In order to run this project, the following modules need to be installed:
pandas
sqlalchemy
requests
tabula-py
python-dotenv
PyYAML
If you are using Anaconda and virtual environments (recommended), the Conda environment can be cloned by running the following command, ensuring that env.yml is present in the project:
conda create env -f env.yml -n $ENVIRONMENT_NAME
It's worth noting that the pipeline won't run as it is without the AWS credentials or API key, but the DatabaseConnector and DataExtractor classes will work on other sources of data with amendments to API endpoints.
SQLAlchemy was used to connect to both the AWS and local SQL databases. In database_utils.py
:
from sqlalchemy import create_engine, inspect
From the SQLAlchemy documentation:
The start of any SQLAlchemy application is an object called the Engine. This object acts as a central source of connections to a particular database, providing both a factory as well as a holding space called a connection pool for these database connections. The engine is typically a global object created just once for a particular database server, and is configured using a URL string which will describe how it should connect to the database host or backend.
For example:
# Construct connection string
connection_string = f"postgresql+psycopg2://{db_username]}:{db_password}@" + f"{db_host]}:{db_port}/{db_database}"
# Create new sqlalchemy database engine
engine = create_engine(connection_string)
The inspect()
method is used to get information about a connected database:
inspector = inspect(engine)
table_name_list = inspector.get_table_names()
The credentials for the databases are stored locally in YAML files. In order to access the credentials to pass into the create_engine() method above, PyYAML was used to read the YAML files and load the contents into a dictionary:
import yaml
# Use context manager to open file
with open(self.filename, 'r') as file:
# load contents into dictionary
contents_dictionary = yaml.safe_load(file)
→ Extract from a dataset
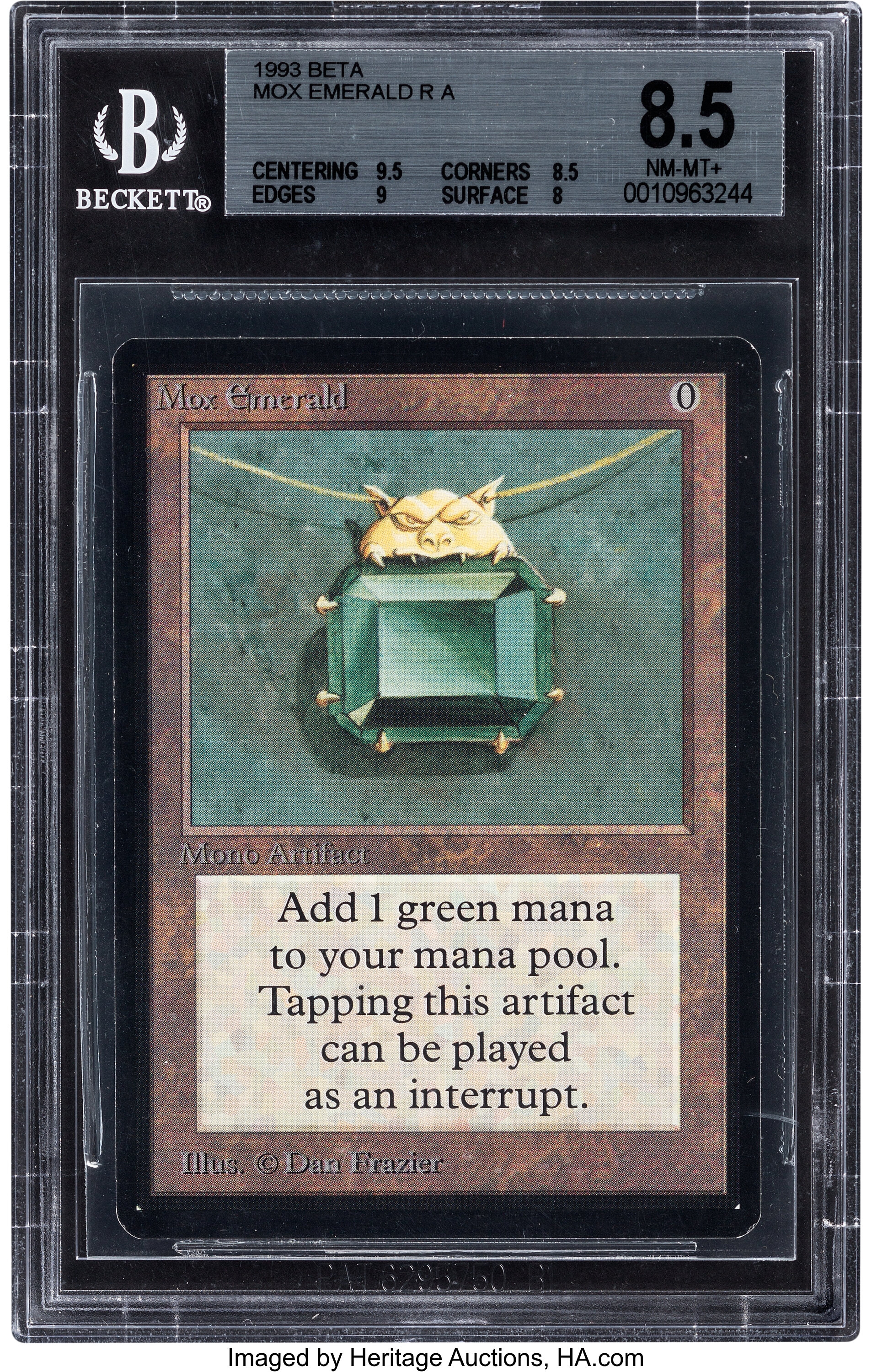 Magic The Gathering Beta Edition Mox Emerald Bgs 8 5 Wizards Of Lot Heritage Auctions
pandas is a fast, powerful, flexible and easy to use open source data analysis and manipulation tool, built on top of the Python programming language. This project makes use of the pandas DataFrame, a two-dimensional data structure (essentially a table) that using pandas built in methods makes it easy to search, manipulate and visualise large sets of data.
# convention is to give pandas the alias pd
import pandas as pd
This project utilises many of pandas built in methods. A few common examples are listed below:
# read SQL table from database connection established using SQLAlchemy
dataframe = pd.read_sql_table(table_name, engine)
# load DataFrame as new table into an existing database connection, don't load index, replace if already exists
dataframe.to_sql(new_table, engine, index=False, if_exists='replace')
# concatenate two DataFrames into one
new_dataframe = pd.concat([dataframe1, dataframe2], ignore_index=True)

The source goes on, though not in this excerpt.